Supplied data >>

= = = =

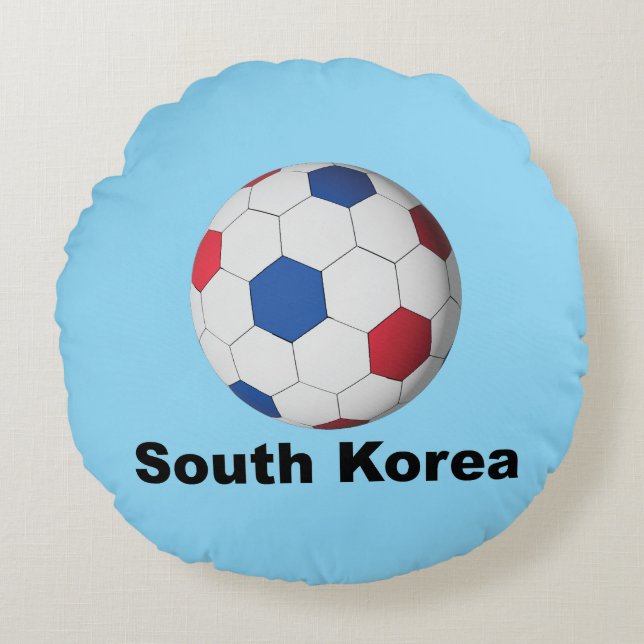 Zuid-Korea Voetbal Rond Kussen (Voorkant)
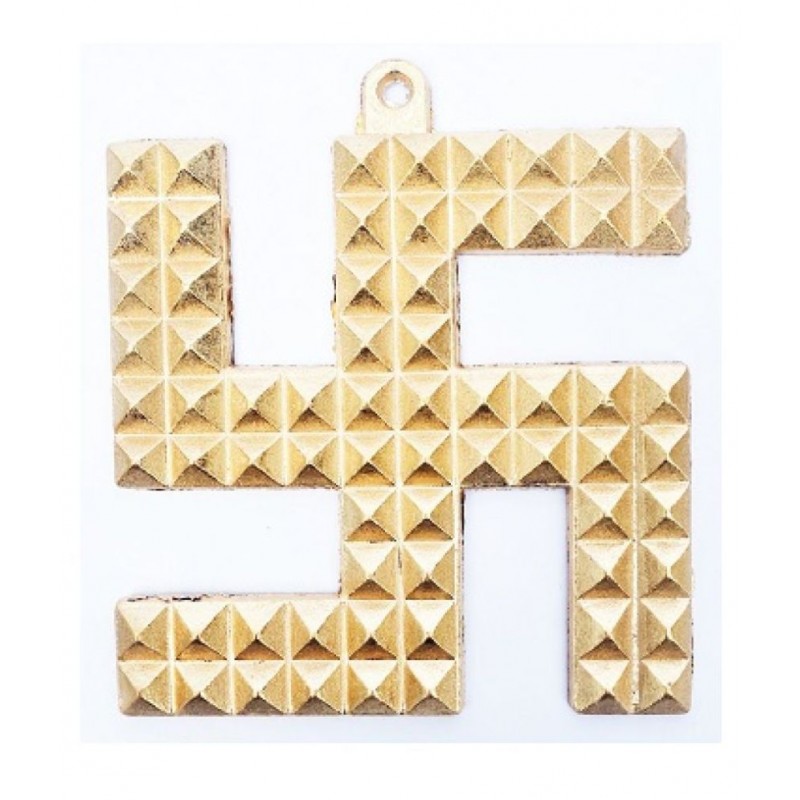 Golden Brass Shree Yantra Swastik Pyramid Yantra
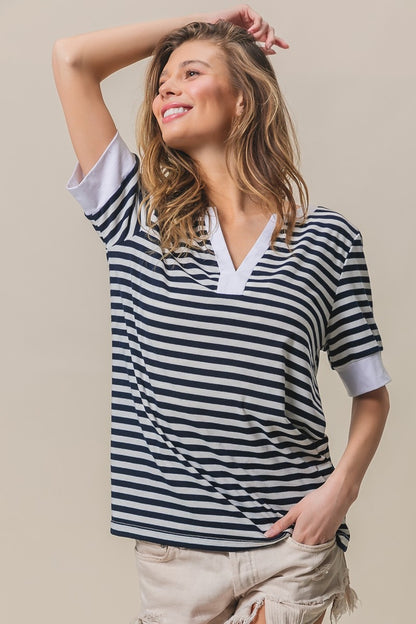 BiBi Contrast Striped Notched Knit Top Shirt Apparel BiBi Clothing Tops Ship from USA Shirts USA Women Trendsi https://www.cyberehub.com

= = = =

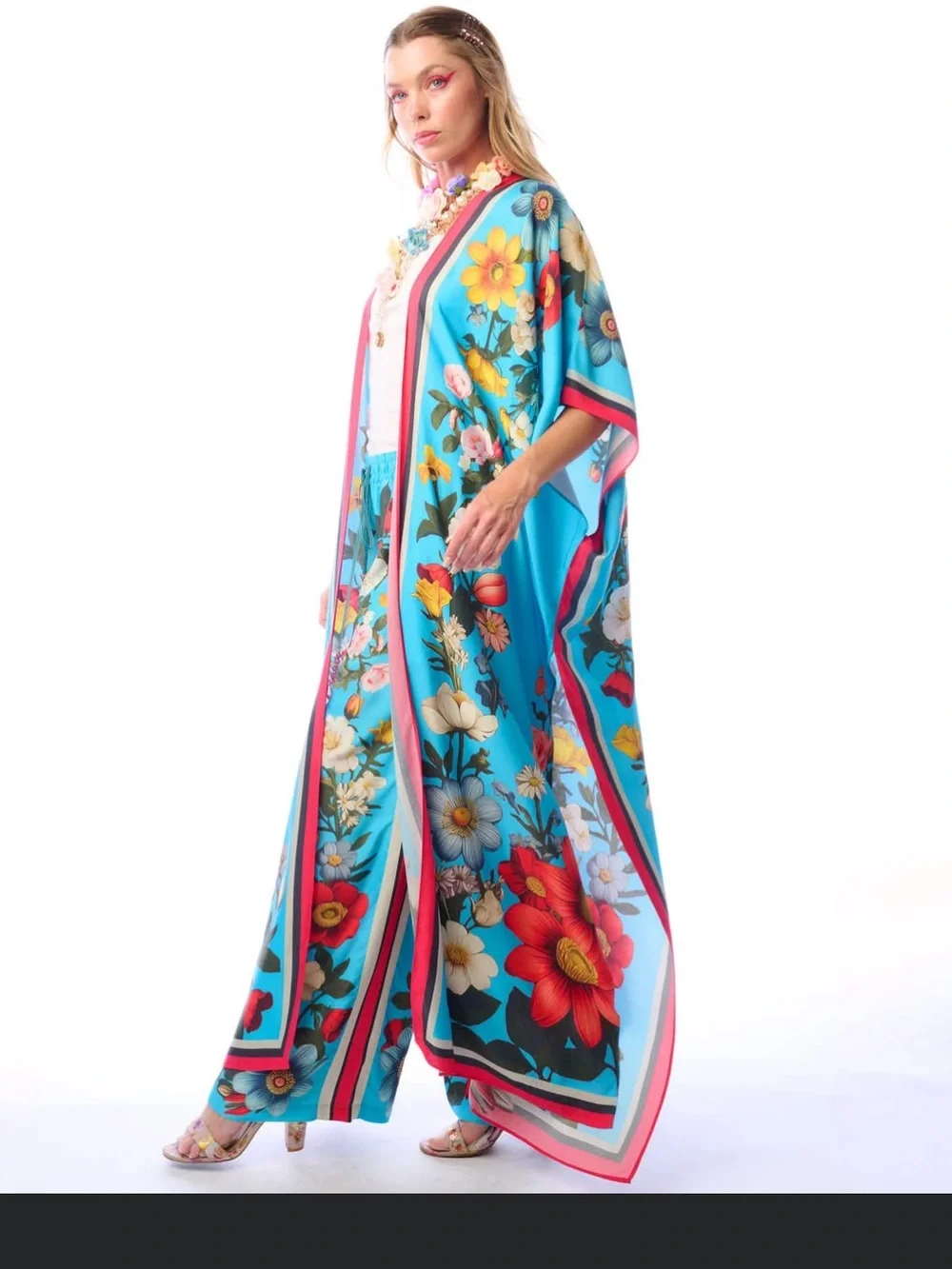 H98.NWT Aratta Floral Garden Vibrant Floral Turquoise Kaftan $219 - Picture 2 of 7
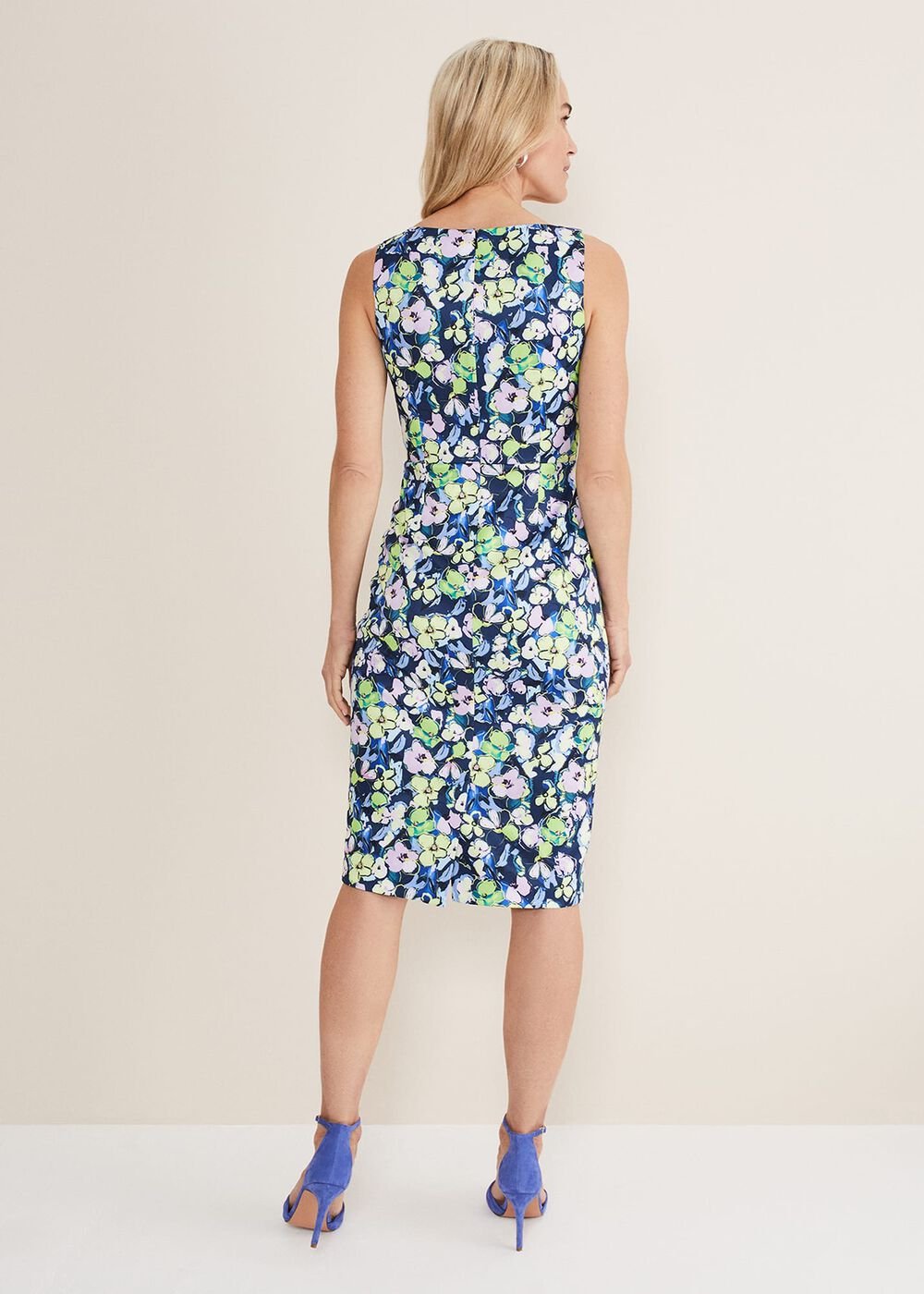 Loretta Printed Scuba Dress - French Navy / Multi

= = = =

The problem >>
Leaving pictures out, output the lines of the data above from the one with "Zuid-Korea Voetbal Rond Kussen (Voorkant)" through the one with "BiBi Contrast Striped", word for word.

Answer to this task >>
 Zuid-Korea Voetbal Rond Kussen (Voorkant)
 Golden Brass Shree Yantra Swastik Pyramid Yantra
 BiBi Contrast Striped Notched Knit Top Shirt Apparel BiBi Clothing Tops Ship from USA Shirts USA Women Trendsi https://www.cyberehub.com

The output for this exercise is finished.